5. The method of claim 4, wherein the physical disruption comprises one or more of a physical movement, a cut, a bending, a pulling, and a stretching.
6. The method of claim 1, further comprising the step of classifying the one or more distinct characteristics in the first subset of changes in polarization states in the training fiber optic network that indicate an occurrence of a flap event as either an environmental change or a maintenance task.
7. The method of claim 1, further comprising the step of using artificial intelligence (AI) to identify the one or more distinct characteristics in the first subset of changes in polarization states in the training fiber optic network that indicate an occurrence of a flap event.
8. The method of claim 1, further comprising the step of utilizing performance data to verify that the one or more distinct characteristics in the first subset of changes in polarization states in the training fiber optic network is indicative of an occurrence of a flap event.
9. The method of claim 8, wherein the performance data includes at least one of outage logs and packet drops.
10. The method of claim 1, further comprising the step of adjusting a maintenance schedule of either the target fiber optic network or a neighboring fiber optic network upon detecting the occurrence of the one or more distinct characteristics in the target fiber optic network.
11. The method of claim 1, further comprising the step of comparing a maintenance record of either the target fiber optic network or a neighboring fiber optic network with the changes in polarization states (SoP).
12. The method of claim 1, further comprising the step of mitigating the impact of long-term environmental changes on the training fiber optic network by rotating a Polarization's Stokes parameter of the light signals towards the north pole on the Poincaré sphere and employing a moving average within a 100-to-200 second timeframe.
13. The method of claim 12, further comprising the step of converting the rotated time series into frequency domain spectra.
14. The method of claim 13, further comprising the step of creating statistical models designed to identify physical events that impair network performance.
15. The method of claim 1, wherein the steps of detecting and rerouting are performed in real-time.

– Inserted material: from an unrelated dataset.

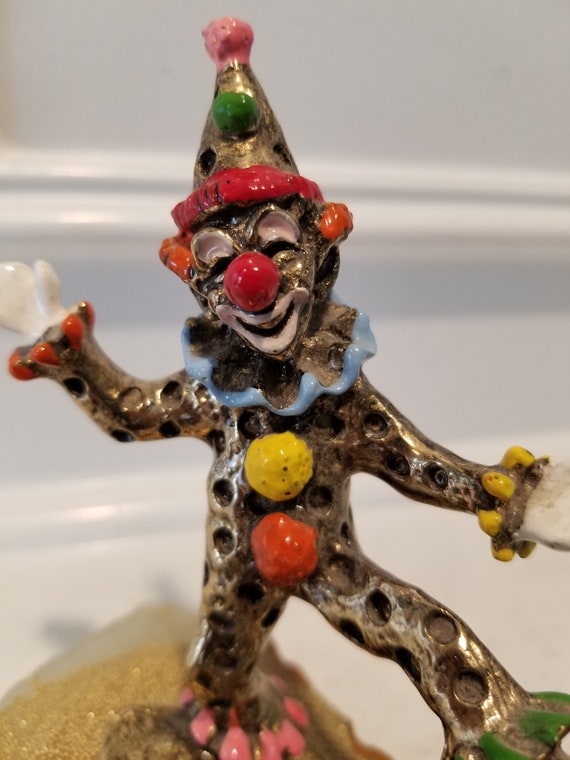 Ron Lee Clown Sculpture 24K Gold Plated Figurine Clown on - Etsy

16. A method of improving performance and reliability of a target fiber optic network comprising:
observing changes in polarization states (SoP) of light signals in a training fiber optic network;
correlating non-occurrence of a flap event with a first subset of the changes in polarization states (SoP) of light signals that occur prior to the non-occurrence of the flap event in the training fiber optic network;
identifying one or more distinct characteristics in the first subset of changes in polarization states in the training fiber optic network that indicate a non-occurrence of a flap event;
detecting an occurrence of the one or more distinct characteristics in a fiber optic cable of the target fiber optic network; and
routing network traffic through the fiber optic cable upon detecting the occurrence of the one or more distinct characteristics.